Exercise prompt:
Every line of the records below should be restated exactly.

Web page caption snippets:
++++++++++

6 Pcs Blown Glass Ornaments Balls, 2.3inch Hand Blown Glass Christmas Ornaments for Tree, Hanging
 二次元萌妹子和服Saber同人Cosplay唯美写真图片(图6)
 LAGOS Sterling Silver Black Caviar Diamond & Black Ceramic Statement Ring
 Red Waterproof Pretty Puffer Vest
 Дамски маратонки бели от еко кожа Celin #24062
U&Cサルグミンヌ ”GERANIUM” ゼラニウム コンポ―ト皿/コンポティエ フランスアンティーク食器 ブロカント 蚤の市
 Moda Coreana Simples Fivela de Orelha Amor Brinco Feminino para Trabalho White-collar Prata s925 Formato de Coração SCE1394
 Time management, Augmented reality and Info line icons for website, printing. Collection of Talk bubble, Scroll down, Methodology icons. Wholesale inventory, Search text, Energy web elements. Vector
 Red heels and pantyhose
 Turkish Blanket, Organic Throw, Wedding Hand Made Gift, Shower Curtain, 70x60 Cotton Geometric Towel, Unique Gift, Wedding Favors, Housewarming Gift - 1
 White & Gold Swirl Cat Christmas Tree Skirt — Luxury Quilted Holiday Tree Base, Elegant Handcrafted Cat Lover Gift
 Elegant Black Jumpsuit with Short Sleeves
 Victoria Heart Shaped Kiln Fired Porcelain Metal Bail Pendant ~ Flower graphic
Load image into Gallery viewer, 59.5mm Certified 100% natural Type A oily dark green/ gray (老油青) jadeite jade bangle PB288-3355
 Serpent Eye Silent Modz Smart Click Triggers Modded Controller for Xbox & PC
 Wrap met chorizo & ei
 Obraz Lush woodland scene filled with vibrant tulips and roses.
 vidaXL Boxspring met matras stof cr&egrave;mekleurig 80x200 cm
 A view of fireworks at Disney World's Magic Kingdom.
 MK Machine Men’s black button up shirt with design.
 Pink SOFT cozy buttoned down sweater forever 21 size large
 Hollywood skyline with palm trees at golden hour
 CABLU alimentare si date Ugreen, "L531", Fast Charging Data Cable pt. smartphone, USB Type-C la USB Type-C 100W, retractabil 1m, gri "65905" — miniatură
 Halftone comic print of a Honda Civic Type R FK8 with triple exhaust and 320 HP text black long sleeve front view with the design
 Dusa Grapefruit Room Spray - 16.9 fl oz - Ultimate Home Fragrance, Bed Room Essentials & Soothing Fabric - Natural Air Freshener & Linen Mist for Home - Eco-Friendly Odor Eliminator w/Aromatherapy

++++++++++

Written answer:
6 Pcs Blown Glass Ornaments Balls, 2.3inch Hand Blown Glass Christmas Ornaments for Tree, Hanging
 二次元萌妹子和服Saber同人Cosplay唯美写真图片(图6)
 LAGOS Sterling Silver Black Caviar Diamond & Black Ceramic Statement Ring
 Red Waterproof Pretty Puffer Vest
 Дамски маратонки бели от еко кожа Celin #24062
U&Cサルグミンヌ ”GERANIUM” ゼラニウム コンポ―ト皿/コンポティエ フランスアンティーク食器 ブロカント 蚤の市
 Moda Coreana Simples Fivela de Orelha Amor Brinco Feminino para Trabalho White-collar Prata s925 Formato de Coração SCE1394
 Time management, Augmented reality and Info line icons for website, printing. Collection of Talk bubble, Scroll down, Methodology icons. Wholesale inventory, Search text, Energy web elements. Vector
 Red heels and pantyhose
 Turkish Blanket, Organic Throw, Wedding Hand Made Gift, Shower Curtain, 70x60 Cotton Geometric Towel, Unique Gift, Wedding Favors, Housewarming Gift - 1
 White & Gold Swirl Cat Christmas Tree Skirt — Luxury Quilted Holiday Tree Base, Elegant Handcrafted Cat Lover Gift
 Elegant Black Jumpsuit with Short Sleeves
 Victoria Heart Shaped Kiln Fired Porcelain Metal Bail Pendant ~ Flower graphic
Load image into Gallery viewer, 59.5mm Certified 100% natural Type A oily dark green/ gray (老油青) jadeite jade bangle PB288-3355
 Serpent Eye Silent Modz Smart Click Triggers Modded Controller for Xbox & PC
 Wrap met chorizo & ei
 Obraz Lush woodland scene filled with vibrant tulips and roses.
 vidaXL Boxspring met matras stof cr&egrave;mekleurig 80x200 cm
 A view of fireworks at Disney World's Magic Kingdom.
 MK Machine Men’s black button up shirt with design.
 Pink SOFT cozy buttoned down sweater forever 21 size large
 Hollywood skyline with palm trees at golden hour
 CABLU alimentare si date Ugreen, "L531", Fast Charging Data Cable pt. smartphone, USB Type-C la USB Type-C 100W, retractabil 1m, gri "65905" — miniatură
 Halftone comic print of a Honda Civic Type R FK8 with triple exhaust and 320 HP text black long sleeve front view with the design
 Dusa Grapefruit Room Spray - 16.9 fl oz - Ultimate Home Fragrance, Bed Room Essentials & Soothing Fabric - Natural Air Freshener & Linen Mist for Home - Eco-Friendly Odor Eliminator w/Aromatherapy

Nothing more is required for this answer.